Yameen secured 51.3 percent of the popular vote compared to 48.6 percent for ex-president Nasheed in Saturday’s run-off vote after a contest wracked by lengthy delays that were viewed as politically motivated, Elections Commission results showed.
Despite the acrimonious campaign, Nasheed conceded defeat and said he would not challenge the results of an election monitored by international observers.
“I graciously accept defeat,” Nasheed told reporters on the main capital island of Male in a late night address.
“We lost by a very small margin. Democracy is a process. It is up to us to make it work.”
He added: “The MDP (Nasheed’s Maldives Democratic Party) has always asked for a government elected by the people. Today is a happy day for the Maldives — we now have an elected government.”
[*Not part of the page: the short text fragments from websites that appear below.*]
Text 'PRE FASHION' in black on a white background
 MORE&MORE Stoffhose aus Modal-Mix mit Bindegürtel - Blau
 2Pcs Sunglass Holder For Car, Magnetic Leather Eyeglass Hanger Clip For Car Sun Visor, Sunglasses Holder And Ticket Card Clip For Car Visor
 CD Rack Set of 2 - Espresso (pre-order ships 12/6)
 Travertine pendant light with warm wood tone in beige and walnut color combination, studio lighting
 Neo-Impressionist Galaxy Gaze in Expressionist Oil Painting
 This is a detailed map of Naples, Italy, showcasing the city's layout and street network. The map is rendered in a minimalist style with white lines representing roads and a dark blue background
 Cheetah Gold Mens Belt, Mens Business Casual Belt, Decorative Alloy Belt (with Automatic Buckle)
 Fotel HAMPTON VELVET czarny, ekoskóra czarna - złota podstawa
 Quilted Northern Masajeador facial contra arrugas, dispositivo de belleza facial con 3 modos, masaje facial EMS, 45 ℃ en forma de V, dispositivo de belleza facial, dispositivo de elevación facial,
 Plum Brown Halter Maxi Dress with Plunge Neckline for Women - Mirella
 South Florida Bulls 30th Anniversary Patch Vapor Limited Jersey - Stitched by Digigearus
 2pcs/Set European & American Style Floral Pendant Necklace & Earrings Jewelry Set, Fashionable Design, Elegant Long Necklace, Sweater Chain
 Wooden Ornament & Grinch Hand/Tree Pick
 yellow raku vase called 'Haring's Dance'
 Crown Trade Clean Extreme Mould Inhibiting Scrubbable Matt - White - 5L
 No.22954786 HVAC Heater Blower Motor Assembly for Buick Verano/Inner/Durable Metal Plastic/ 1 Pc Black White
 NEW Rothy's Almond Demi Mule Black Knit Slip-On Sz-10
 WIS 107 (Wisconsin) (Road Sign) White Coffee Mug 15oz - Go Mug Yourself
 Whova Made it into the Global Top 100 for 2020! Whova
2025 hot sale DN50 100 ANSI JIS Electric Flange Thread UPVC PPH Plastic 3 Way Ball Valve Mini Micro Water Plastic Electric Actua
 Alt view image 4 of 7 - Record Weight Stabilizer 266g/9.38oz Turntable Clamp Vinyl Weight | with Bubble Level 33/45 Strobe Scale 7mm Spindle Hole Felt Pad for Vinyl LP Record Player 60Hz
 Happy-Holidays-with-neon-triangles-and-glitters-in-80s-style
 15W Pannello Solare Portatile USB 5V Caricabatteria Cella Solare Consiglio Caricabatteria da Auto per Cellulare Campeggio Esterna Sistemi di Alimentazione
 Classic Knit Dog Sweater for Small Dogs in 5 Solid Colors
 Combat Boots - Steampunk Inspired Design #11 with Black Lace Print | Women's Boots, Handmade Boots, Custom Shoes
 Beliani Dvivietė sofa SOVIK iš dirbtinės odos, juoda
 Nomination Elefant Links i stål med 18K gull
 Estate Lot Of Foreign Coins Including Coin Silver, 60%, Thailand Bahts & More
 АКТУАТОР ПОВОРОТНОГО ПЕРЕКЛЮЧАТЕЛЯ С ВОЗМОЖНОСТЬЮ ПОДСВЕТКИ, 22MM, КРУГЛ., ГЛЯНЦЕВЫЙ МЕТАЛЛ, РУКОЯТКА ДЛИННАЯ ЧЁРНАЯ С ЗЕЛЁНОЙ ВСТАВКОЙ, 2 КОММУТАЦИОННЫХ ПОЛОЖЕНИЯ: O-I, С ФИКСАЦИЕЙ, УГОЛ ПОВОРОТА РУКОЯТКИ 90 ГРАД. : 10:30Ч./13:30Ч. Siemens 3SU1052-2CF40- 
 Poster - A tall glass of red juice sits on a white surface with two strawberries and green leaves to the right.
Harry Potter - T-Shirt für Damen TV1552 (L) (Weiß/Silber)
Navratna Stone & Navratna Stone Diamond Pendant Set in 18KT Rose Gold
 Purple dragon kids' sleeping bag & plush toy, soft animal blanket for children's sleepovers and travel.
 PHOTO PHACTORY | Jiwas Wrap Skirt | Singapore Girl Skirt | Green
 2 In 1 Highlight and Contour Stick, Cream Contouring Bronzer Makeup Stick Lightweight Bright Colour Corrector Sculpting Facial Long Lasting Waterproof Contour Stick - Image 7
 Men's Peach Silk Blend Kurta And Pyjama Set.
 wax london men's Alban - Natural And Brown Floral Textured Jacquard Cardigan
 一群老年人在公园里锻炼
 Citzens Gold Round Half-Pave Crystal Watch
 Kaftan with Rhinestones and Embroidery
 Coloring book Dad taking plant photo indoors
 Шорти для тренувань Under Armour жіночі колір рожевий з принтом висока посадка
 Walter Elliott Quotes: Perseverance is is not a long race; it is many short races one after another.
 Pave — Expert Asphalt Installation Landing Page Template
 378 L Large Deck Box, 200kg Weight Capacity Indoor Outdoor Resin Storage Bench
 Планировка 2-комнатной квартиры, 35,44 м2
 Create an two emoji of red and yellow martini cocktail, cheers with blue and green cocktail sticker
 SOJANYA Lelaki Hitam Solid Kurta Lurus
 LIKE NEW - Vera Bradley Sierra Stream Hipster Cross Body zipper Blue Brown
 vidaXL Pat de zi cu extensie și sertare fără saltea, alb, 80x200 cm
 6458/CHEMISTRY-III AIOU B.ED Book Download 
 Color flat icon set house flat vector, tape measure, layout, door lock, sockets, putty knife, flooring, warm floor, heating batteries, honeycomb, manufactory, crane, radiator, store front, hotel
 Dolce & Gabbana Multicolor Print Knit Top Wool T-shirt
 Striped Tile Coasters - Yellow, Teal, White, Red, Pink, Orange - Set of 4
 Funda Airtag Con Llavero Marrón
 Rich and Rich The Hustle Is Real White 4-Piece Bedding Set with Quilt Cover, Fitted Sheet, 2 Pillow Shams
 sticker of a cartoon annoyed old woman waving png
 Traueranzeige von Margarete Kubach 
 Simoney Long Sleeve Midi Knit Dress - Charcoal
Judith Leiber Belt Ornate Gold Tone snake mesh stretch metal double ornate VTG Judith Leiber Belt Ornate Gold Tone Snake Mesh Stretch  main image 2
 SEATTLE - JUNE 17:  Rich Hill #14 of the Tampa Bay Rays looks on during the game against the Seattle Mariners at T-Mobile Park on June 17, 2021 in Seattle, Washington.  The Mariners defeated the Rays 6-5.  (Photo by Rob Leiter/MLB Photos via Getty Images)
The election commission said that an inauguration ceremony would take place on Sunday and a special session of parliament had also been organized.
Nasheed’s concession will be a relief to the country’s lifeblood tourist industry which had feared that an already lengthy political crisis could go on even longer.
After an annulled election result and two canceled polls, foreign diplomats had increasingly come to view the delays as politically inspired. The European Union had warned of “appropriate measures” if Saturday’s election did not go ahead as scheduled.
Opposition leader Nasheed, a former pro-democracy campaigner and climate change activist who won the first free polls in 2008, had been the frontrunner 21 months after he resigned under pressure from demonstrators and mutinous police officers.
However, his main opponents united after his first round victory on November 9 and mounted a formidable challenge, leading to Yameen’s victory.
Yameen is the half-brother of former autocrat Maumoon Abdul Gayoom who ruled the archipelago famed for its coral-fringed islands for 30 years, before the nation embraced democracy.
The islands’ electorate is a mere 239,000 people in a country of 350,000 Sunni Muslims.
After casting his vote, Yameen said he had no complaints about the electoral process.
“I will accept the results no matter what the outcome,” he told reporters.
Nasheed, a one-time political prisoner, won a first vote on September 7 with 45 percent.
But the result was annulled by the Supreme Court which upheld a complaint about voter list irregularities.
After another attempt to hold the poll was blocked, a re-run of the first round took place on November 9 which Nasheed won by a larger margin — nearly 47 percent — but still not enough for an outright victory.
A run-off election announced for the day after by the independent Elections Commission was again canceled by the Supreme Court, which is dominated by judges appointed during Gayoom’s three-decade rule.
Nearly one million holidaymakers visited the Maldives last year, drawn to its secluded beaches on private islands where luxury cabins can cost several thousand dollars a night.
Any more political unrest would have spelled problems for the industry, the lifeblood of the country, which suffered a wave of cancelations after Nasheed’s political demise.